Press Release
For Immediate Release: 
May 19, 2022
Contact Info: 
Margaret Mulkerrin 202-225-3130
WASHINGTON, DC – Today, House Majority Leader Steny H. Hoyer (MD) held a press conference with bipartisan House Members and the Governor of Puerto Rico, Pedro R. Pierluisi, to announce details of the Puerto Rico Status Act that will allow the people of Puerto Rico to determine their political future. Below is a transcript of his opening remarks and a link to the livestream of the press conference:
Click here for a link to the video.
“Good morning or good afternoon, I guess. We’re a little late starting but we’re pleased to be here and I am very pleased to be here with all of my colleagues. I want to start by saying I went to Puerto Rico for the first time in 1976, when I was the President of the Maryland Senate. There was a meeting of legislators in Puerto Rico and I fell in love with Puerto Rico. Ten years later, I was in the Congress of the United States and became an advocate of statehood for the people of Puerto Rico.

“But more than that, I am a supporter of the Puerto Rican people determining their own status and their own destiny. And I think that's what everybody here agrees on, totally, [and] that is, the Puerto Rican people that will ultimately make this decision, hopefully with the strong support of the Congress of the United States.

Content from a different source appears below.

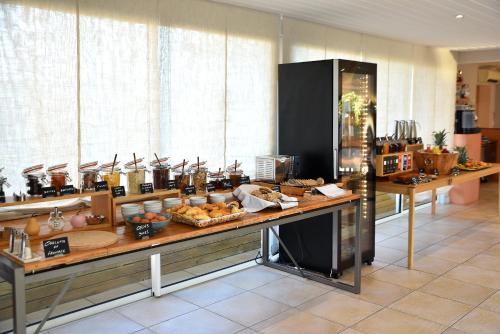 a buffet in a room with food on a table at Hôtel Alivi Di Santa Giulia in Porto-Vecchio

“First, therefore, I want to thank my colleagues and our former colleague and now Governor Pedro Pierluisi, for being here today and we expect the Governor to be here before this press conference ends to discuss the historic progress being made toward enabling the people of Puerto Rico to choose their future status. And when I say very hard work, everybody here has worked hard, diligently, candidly and honestly, to achieve this objective, and I want to thank all of them.

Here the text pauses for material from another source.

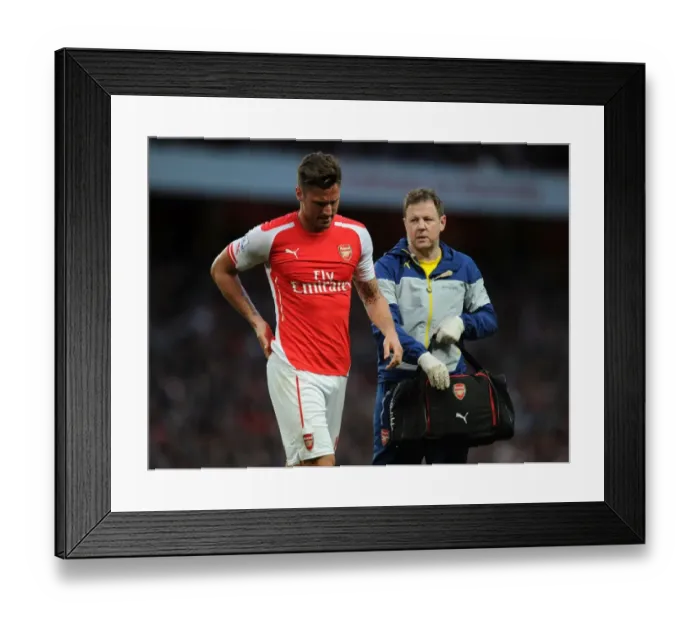 Framed Print : Arsenal's Olivier Giroud Receives Attention from Physio Colin Lewin during Swansea City Match, 2014 / 15 Season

“After months of negotiations, the Puerto Rican Status Act represents an effort by the sponsors of several different bills to come together and arrive at a compromise that would be supported by a majority of Members. I want to commend our Members who have been working on this issue for years. I believe the bill represents what can be achieved when both sides come together, negotiate in good faith, and reach a consensus on an issue that is important to us and to the people of Puerto Rico.

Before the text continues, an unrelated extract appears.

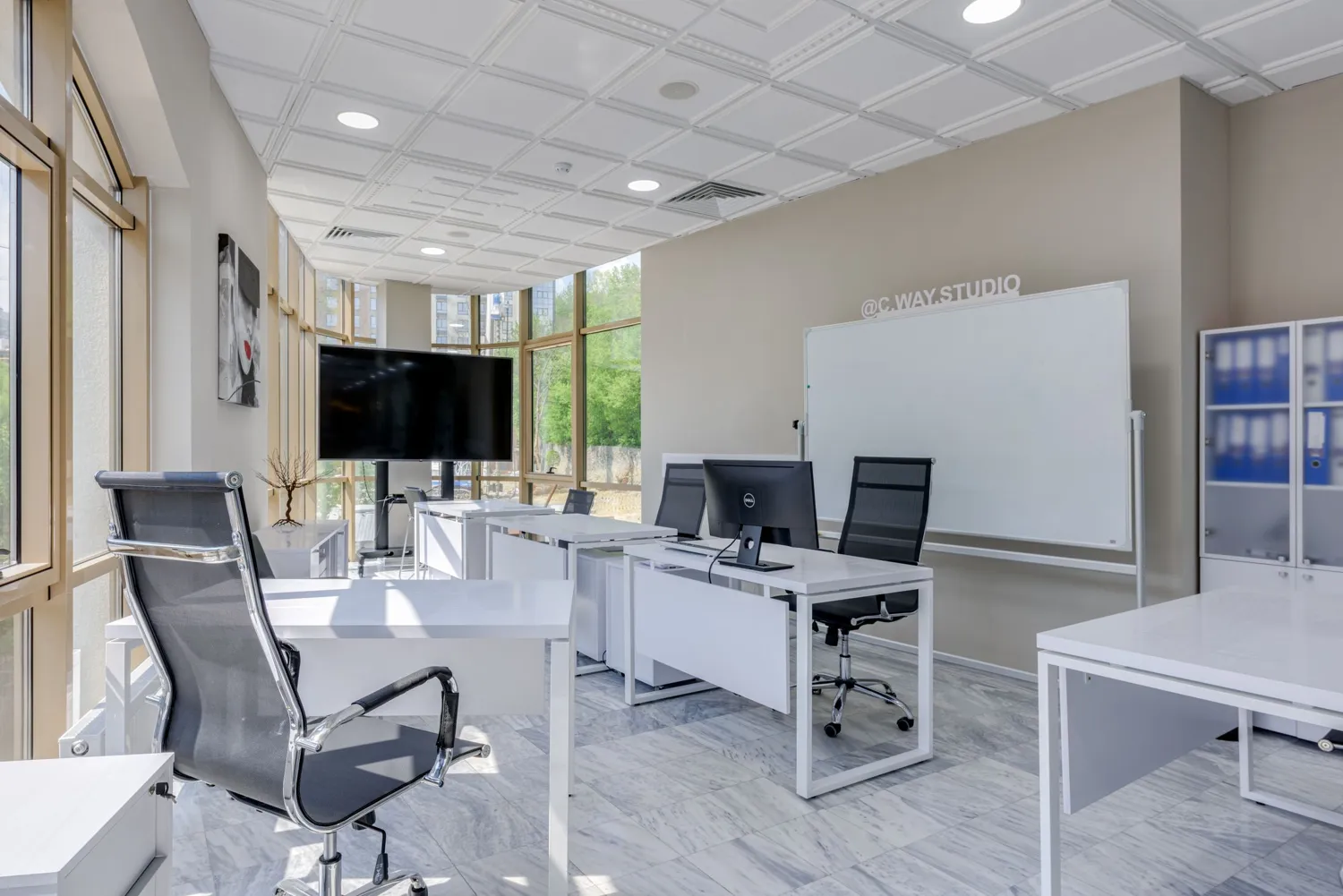 A bright, clean office with desks and large windows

“Puerto Rican people do not want to be a colony and the United States of America does not want to be a colonialist power. This legislation seeks to address that issue. However, it is just the first step in the legislative process. I want to emphasize that – first step. I want to stress that we are sharing the discussion draft today in order to provide transparency and to solicit input from the people of Puerto Rico before conducting a markup or moving legislation to the House floor.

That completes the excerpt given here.